_PROBLEM_:
Among the entries that follow, how many lines contain the string "dark"? Write the number alone.

_DATA FOR THIS EXERCISE_:
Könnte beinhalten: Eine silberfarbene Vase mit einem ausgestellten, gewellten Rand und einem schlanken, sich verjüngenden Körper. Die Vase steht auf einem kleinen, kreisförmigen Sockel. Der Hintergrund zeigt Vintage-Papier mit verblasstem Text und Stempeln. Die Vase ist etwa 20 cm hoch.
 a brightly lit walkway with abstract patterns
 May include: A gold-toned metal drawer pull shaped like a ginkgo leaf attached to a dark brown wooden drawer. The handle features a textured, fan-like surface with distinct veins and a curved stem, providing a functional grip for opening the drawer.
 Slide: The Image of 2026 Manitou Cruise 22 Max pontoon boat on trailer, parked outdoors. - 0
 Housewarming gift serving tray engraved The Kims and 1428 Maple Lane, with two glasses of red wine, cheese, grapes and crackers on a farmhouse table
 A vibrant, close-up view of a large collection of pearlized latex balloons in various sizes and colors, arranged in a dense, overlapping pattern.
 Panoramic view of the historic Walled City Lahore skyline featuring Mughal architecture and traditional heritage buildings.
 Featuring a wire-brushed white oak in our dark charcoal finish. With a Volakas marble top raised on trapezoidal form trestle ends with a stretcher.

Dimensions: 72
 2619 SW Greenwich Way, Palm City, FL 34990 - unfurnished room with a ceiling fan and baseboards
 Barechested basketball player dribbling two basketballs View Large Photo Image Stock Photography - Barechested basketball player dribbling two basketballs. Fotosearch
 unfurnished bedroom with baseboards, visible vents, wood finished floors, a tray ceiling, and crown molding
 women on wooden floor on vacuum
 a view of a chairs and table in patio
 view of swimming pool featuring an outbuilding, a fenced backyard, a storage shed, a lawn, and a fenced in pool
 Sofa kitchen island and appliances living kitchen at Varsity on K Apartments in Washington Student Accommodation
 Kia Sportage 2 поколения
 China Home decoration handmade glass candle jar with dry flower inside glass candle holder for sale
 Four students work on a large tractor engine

_OUTPUT_:
2